Given information
-------

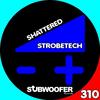 Shattered - Strobetech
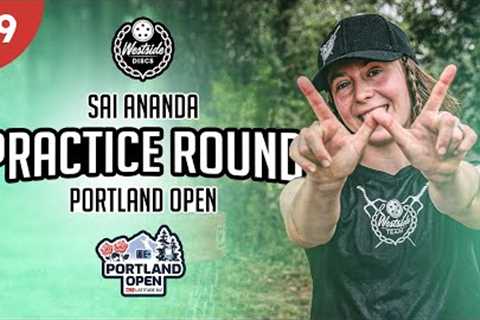 How did Sai Ananda practice the WEST course for the Portland Open? | PDXO Practice Round F9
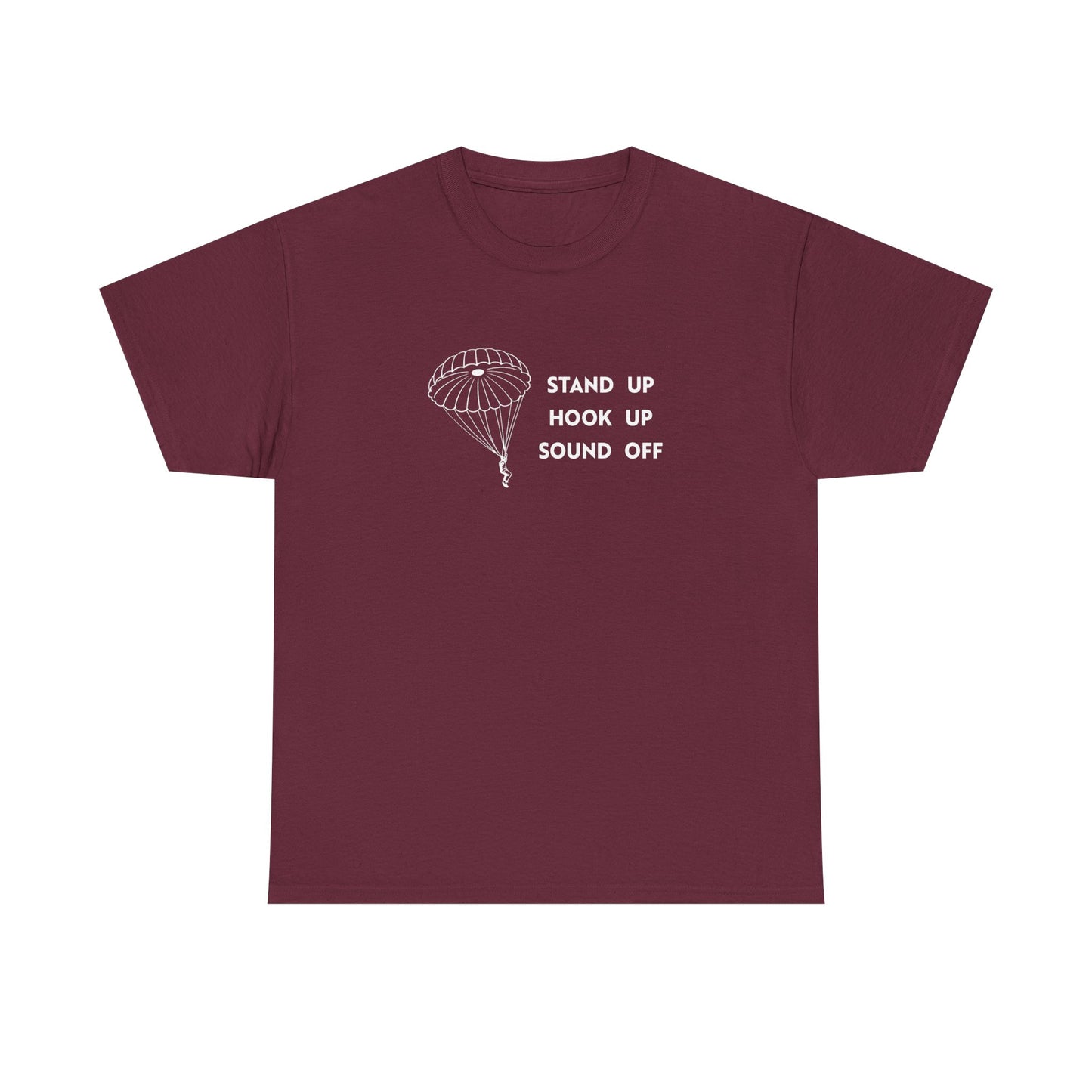 Stand Up Hook Up Sound Off Parachute T Shirt (light on dark)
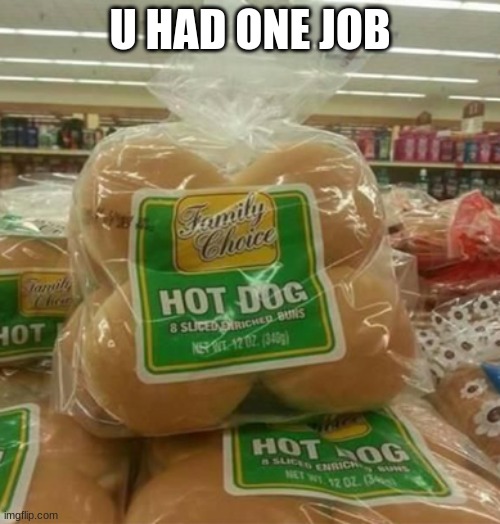 Buns | U HAD ONE JOB | image tagged in you had one job,hot dog,burger,how | made w/ Imgflip meme maker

-------

Exercise
Leave out the pictures, and write out exactly the lines from the one containing "How did Sai" through the last line of the listing, both included.

Reply to the task
 How did Sai Ananda practice the WEST course for the Portland Open? | PDXO Practice Round F9
 Stand Up Hook Up Sound Off Parachute T Shirt (light on dark)
 Buns | U HAD ONE JOB | image tagged in you had one job,hot dog,burger,how | made w/ Imgflip meme maker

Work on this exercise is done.